Pour avoir réclamé la réouverture de deux radios, à l’approche du scrutin présidentiel de 2017, un dirigeant de l’association des journalistes du Libéria a été menacé par la présidence. Reporters sans frontières (RSF) dénonce les pressions dont font l’objet les médias et les journalistes au Libéria.
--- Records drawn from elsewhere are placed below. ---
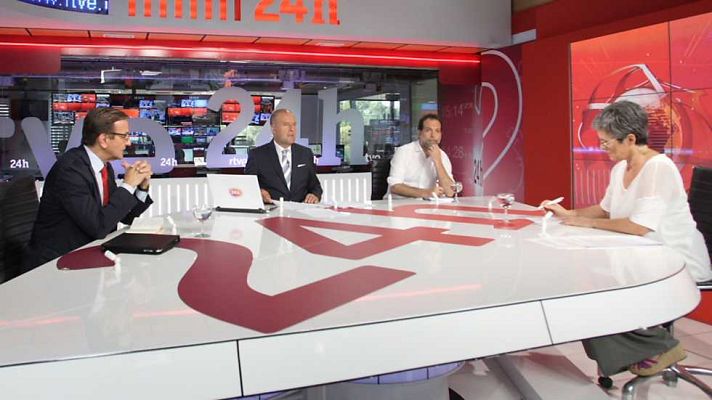 La tarde en 24h - Bloque 18 horas - 14/07/15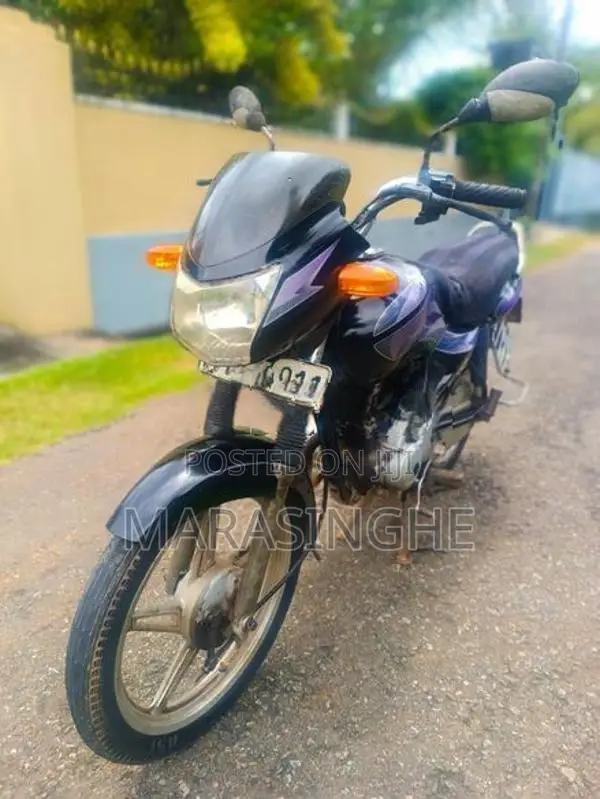 TVS Star Sport ES 2007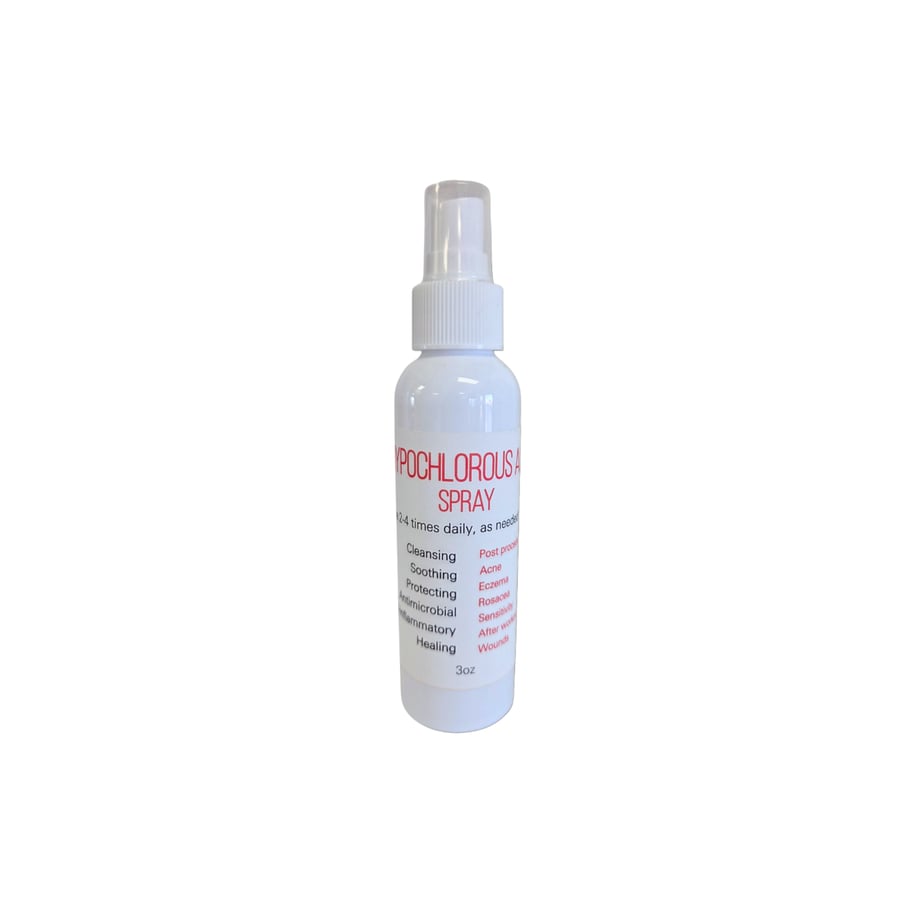 Image of Hypochlorous Acid Spray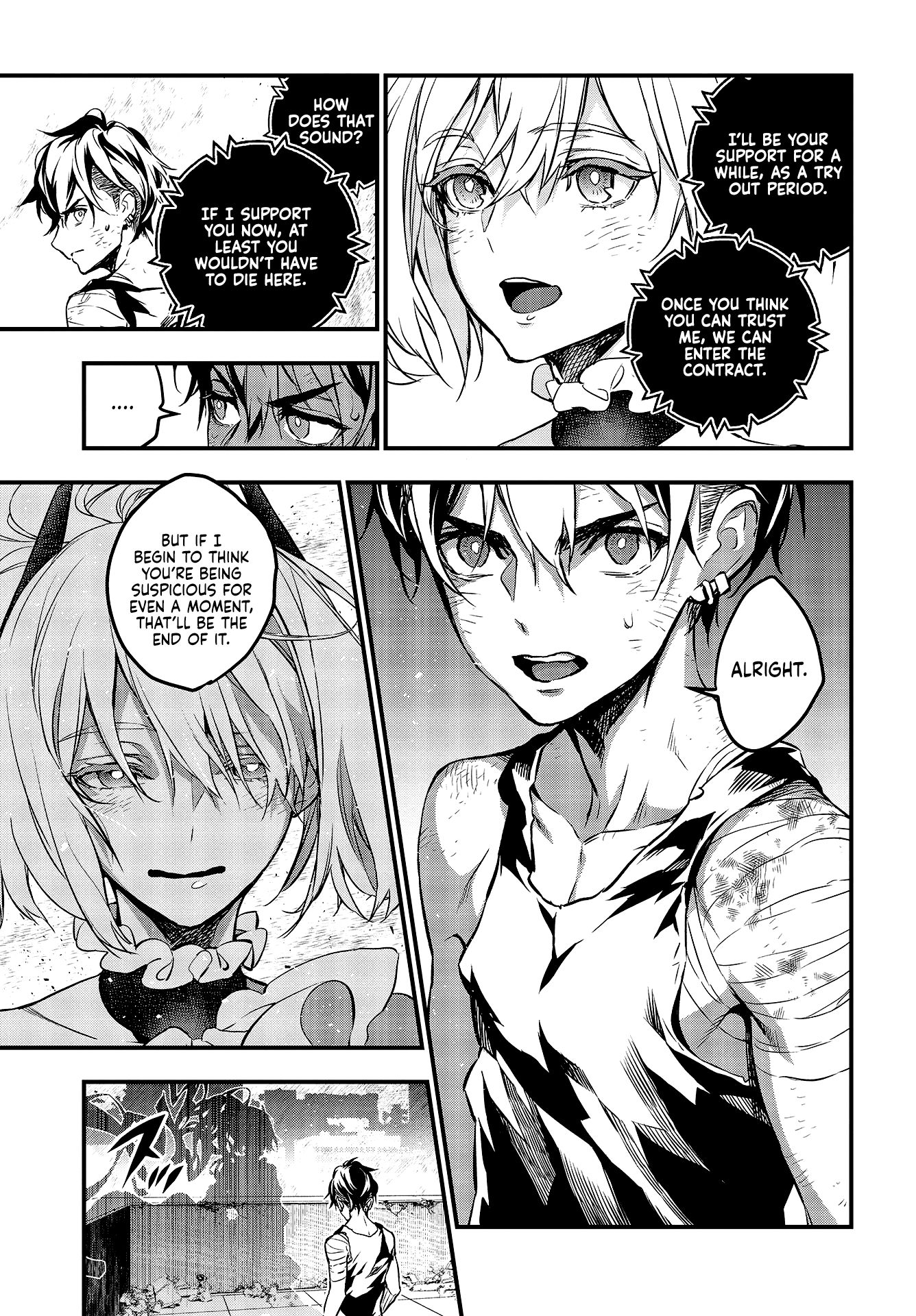 Rebuild World chapter 1 page 35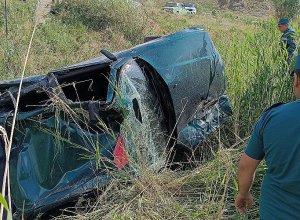 ՃՏՊ Սիսիան-Բռնակոթ ավտոճանապարհին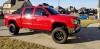 6 Inch Lifted 2012 GMC Sierra 1500 4WD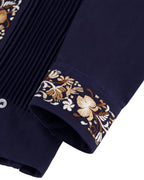 Hummingbird Kids Style Guayabera for Children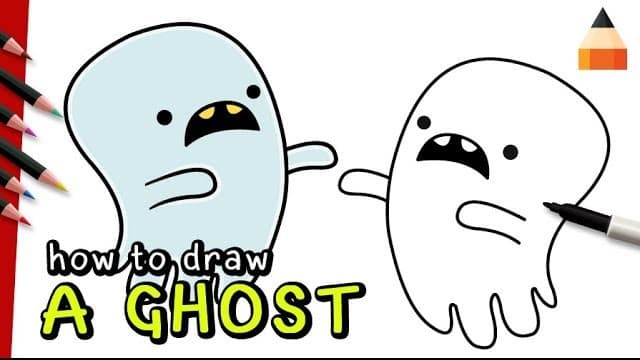 Movie Poster: How To Draw a Ghost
Jallah E. Grayfield, vice-président de l’Union de la Presse au Liberia (PUL), organisation représentative des journalistes du pays, a demandé à la police l’ouverture d’une enquête après avoir fait l’objet de menaces dont de la part de Jerolinmek Piah, attaché de presse à la présidence libérienne. Le 6 septembre 2016, Jallah E. Grayfield a participé à une émission de débat avec le ministre de l’Information Isaac Jackson, sur la radio Prime 105.5 FM. Au cours du programme, il a critiqué la fermeture récente de deux radios privées par le gouvernement et appelé à leur réouverture, en dénonçant le caractère “non-démocratique” de cette décision.


Alors qu’il quittait la radio, Jallah E. Grayfield a reçu plusieurs SMS d’intimidation de l’attaché de presse de la présidence libérienne, Jerolinmek Piah. Ces messages l’accusent d’être “une honte” pour son organisation, et le préviennent qu’il va “sentir les conséquences de ce qu’[il] a commencé”. Inquiet parce qu’il considère cet épisode comme une nouvelle attaque du gouvernement contre les médias, Jallah E. Grayfield a demandé à la police l’ouverture d’une enquête.


“Il est inacceptable que ceux qui sont chargés de représenter et défendre la presse ne puissent exprimer leur opinion librement et fassent l’objet de menaces, déclare Reporters sans Frontières. Nous demandons à la présidence libérienne de mettre un terme à ce type de manœuvres qui discréditent toute son administration. Au moment où les électeurs libériens vont devoir faire des choix politiques en 2017, ils ont le droit d’avoir accès à toutes les opinions, même si celles-ci sont critiques et dérangent le pouvoir en place.”


Les deux radios qui gênent tant la présidence sont Voice FM, propriété d’un commentateur très connu au Liberia, Henry Costa, qui produit son show depuis les Etats-Unis où il réside, et LIB 24, qui appartient (ainsi que la chaîne de télévision LIB 24 TV) au politicien Benoni Urey, aspirant candidat à la future présidentielle.


Le 4 juillet 2016, la Liberia Telecommunications Authority (LTA), agence d’attribution des fréquences, avait obtenu du ministère de la Justice l’autorisation de faire fermer Voice FM pour “exploitation illégale” de sa fréquence FM et confisqué son matériel. Selon les gestionnaires de la radio, tous leurs efforts pour régulariser leur situation ont été refusés par l’administration, et le motif finalement invoqué n’est qu’un prétexte. La radio demeure fermée.


Le 13 août 2016, c’était le tour de LIB 24 d’être fermée, après une semaine de diffusion du Henry Costa Show, très critique de la présidente Ellen Johnson Sirleaf. Des agents de police et des services des renseignements avaient alors saisi le matériel de diffusion de LIB 24 et condamné les locaux, officiellement pour “arriérés d’impôts”.


Dans un point de presse, le directeur de la LTA, Henry Benson, avait annoncé qu’il durcirait les mesures contre les médias:. “La LTA a été établie pour réguler et continuera à le faire. Nous avons effectivement fermé Voice FM et en fermerons d’autres, car nous devons montrer que l’Etat de droit existe au Liberia.”


Le Liberia occupe la 93e place sur 180 au Classement mondial 2016 de la liberté de la presse établi par RSF.